Thursday, February 11, 2021

Morsels

Briefly during the decade before last, V was asked by the late, great Bruce of Panzón Verde fame to act (occasionally) as his official taster. 

It wasn't that he was afraid of poisoners, he had just detected that she possibly possessed the kind of sophisticated tastes that are perhaps a bit more rare over here and wanted to tap into her opinions on the dishes he was offering at his inn.  

This put her fairly immediately in an awkward situation one night in his restaurant. Bruce had ordered chicken in a green curry sauce and when it was placed in front of him by the chef (also an acquaintance of hers) he asked for an off-the-cuff opinion.

The curry was delicious. Yet she felt she had to observe that the rice should not have been made to go for a swim in the sauce before it left the kitchen.  

Here's another example I captured on my last trip out of Guatemala in 2020, to Huatulco, Oaxaca. The rice is, in terms of quantity, a borderline case, and yet is just about holding its own against the flood tide of the sauce.
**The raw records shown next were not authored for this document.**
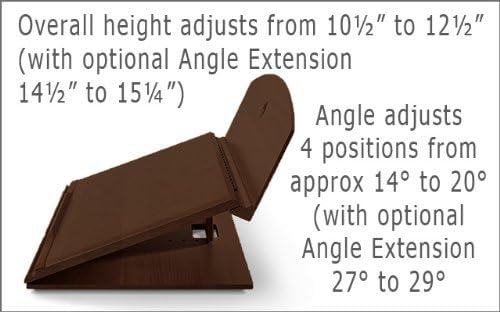 Ergo Desk - 401W - Designer Series Portable Reading and Lap Writing Desk - Walnut - Large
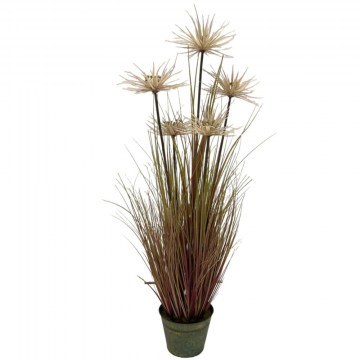 Τεχνητό Φυτό Χορτάρι Πάπυρος 7021-6 96cm Brown Supergreens
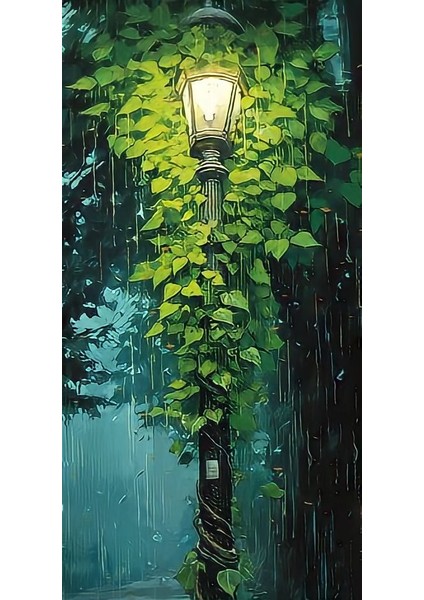 Sayılarla Boyama Seti Sokak Lambası 40x50 cm fiyatları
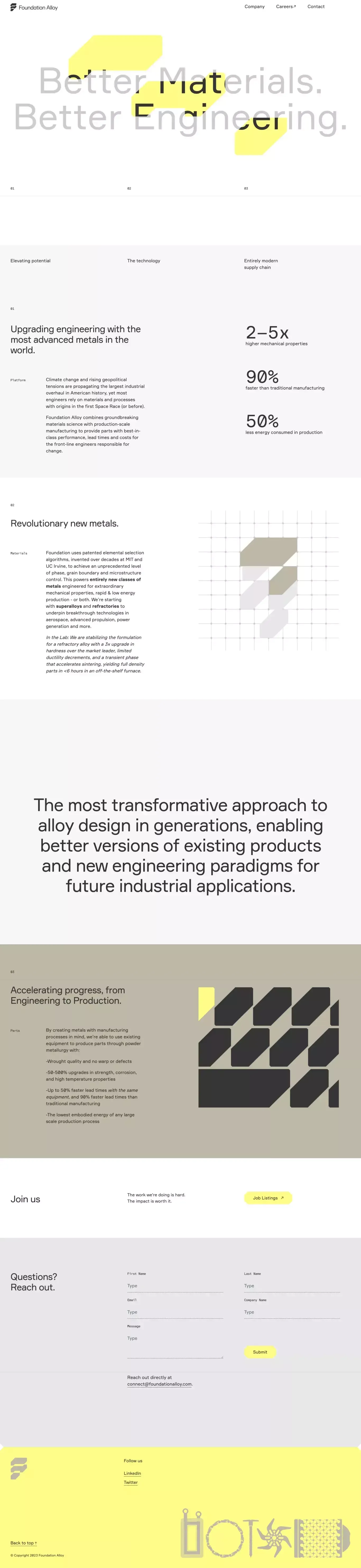 Foundation Alloy - Landing design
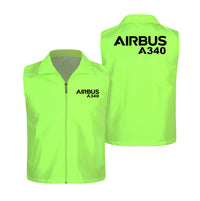 Thumbnail for Airbus A340 & Text Designed Thin Style Vests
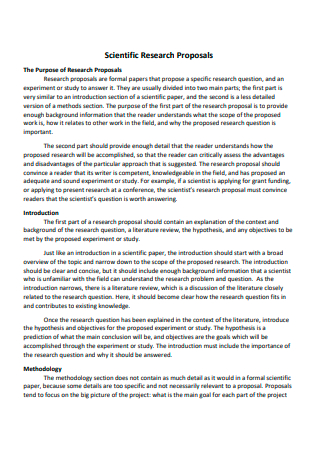 Scientific Research Proposal in PDF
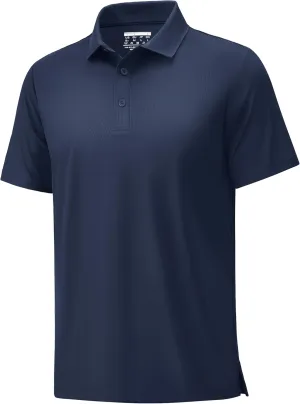 MAGCOMSEN Men's Polo Shirts Short Sleeve Collared Shirt Moisture Wicking Dry Fit Performance Golf Casual Work Shirts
There's almost nothing I could say about this world that I couldn't find a way to intelligently contradict in a matter of minutes. Yet when it comes to food, I do tend to become a bit more dogmatic. 

That said, I will never give a restaurant a bad review simply because I was served up a plate that I didn't enjoy. There is always going to be something subjective about the experience of noshing.  

There are people — like my father — who will go to pretty much any restaurant and order pretty much the same thing every time (like a steak) and then there are people like me who will usually tend to be a bit more adventurous and experimental. This will, statistically, lead to a greater incidence of disappointment.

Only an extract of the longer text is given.